*Assignment*:
Within the data that follows, set down exactly the lines from the one containing "LeafBoard is said" through the one containing "Seat the tube", both ends included.

╔══

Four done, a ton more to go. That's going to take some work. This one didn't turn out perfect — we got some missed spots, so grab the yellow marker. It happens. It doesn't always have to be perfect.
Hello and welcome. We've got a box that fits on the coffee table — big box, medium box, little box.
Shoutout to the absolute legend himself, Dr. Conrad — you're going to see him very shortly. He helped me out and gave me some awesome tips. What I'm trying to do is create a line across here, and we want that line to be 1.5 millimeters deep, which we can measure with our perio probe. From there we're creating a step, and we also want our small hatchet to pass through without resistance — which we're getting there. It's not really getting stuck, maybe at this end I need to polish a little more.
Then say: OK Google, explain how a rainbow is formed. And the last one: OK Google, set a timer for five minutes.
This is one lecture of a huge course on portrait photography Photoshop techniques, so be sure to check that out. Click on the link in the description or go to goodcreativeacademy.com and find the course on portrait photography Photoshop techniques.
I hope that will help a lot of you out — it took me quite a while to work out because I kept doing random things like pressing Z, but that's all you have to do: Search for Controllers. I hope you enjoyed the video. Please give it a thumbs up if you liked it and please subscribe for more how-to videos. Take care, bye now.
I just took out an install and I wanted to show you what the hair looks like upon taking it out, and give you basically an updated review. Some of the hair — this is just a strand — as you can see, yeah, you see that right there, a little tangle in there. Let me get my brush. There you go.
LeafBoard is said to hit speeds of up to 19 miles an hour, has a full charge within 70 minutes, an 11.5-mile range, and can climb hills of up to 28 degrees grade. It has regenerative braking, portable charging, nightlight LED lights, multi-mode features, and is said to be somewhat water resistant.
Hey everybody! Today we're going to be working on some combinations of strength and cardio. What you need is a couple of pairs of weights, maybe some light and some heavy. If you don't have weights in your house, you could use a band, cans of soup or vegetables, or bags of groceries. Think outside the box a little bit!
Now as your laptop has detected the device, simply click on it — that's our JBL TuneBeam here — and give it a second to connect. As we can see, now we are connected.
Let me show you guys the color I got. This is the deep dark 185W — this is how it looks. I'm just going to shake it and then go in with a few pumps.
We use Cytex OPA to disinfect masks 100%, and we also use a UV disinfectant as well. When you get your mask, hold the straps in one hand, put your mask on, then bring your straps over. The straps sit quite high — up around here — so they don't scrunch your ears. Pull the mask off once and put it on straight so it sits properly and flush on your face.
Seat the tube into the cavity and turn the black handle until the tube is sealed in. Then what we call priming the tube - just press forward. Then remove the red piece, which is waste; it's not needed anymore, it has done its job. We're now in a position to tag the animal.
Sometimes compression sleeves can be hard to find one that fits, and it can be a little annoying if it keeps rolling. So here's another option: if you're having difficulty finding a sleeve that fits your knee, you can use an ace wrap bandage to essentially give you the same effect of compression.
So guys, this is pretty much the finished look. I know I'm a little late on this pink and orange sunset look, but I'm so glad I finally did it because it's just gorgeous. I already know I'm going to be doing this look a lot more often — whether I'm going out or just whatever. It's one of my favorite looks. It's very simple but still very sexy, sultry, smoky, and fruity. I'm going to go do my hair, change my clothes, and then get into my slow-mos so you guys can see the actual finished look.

╚══

*Exercise answer*:
LeafBoard is said to hit speeds of up to 19 miles an hour, has a full charge within 70 minutes, an 11.5-mile range, and can climb hills of up to 28 degrees grade. It has regenerative braking, portable charging, nightlight LED lights, multi-mode features, and is said to be somewhat water resistant.
Hey everybody! Today we're going to be working on some combinations of strength and cardio. What you need is a couple of pairs of weights, maybe some light and some heavy. If you don't have weights in your house, you could use a band, cans of soup or vegetables, or bags of groceries. Think outside the box a little bit!
Now as your laptop has detected the device, simply click on it — that's our JBL TuneBeam here — and give it a second to connect. As we can see, now we are connected.
Let me show you guys the color I got. This is the deep dark 185W — this is how it looks. I'm just going to shake it and then go in with a few pumps.
We use Cytex OPA to disinfect masks 100%, and we also use a UV disinfectant as well. When you get your mask, hold the straps in one hand, put your mask on, then bring your straps over. The straps sit quite high — up around here — so they don't scrunch your ears. Pull the mask off once and put it on straight so it sits properly and flush on your face.
Seat the tube into the cavity and turn the black handle until the tube is sealed in. Then what we call priming the tube - just press forward. Then remove the red piece, which is waste; it's not needed anymore, it has done its job. We're now in a position to tag the animal.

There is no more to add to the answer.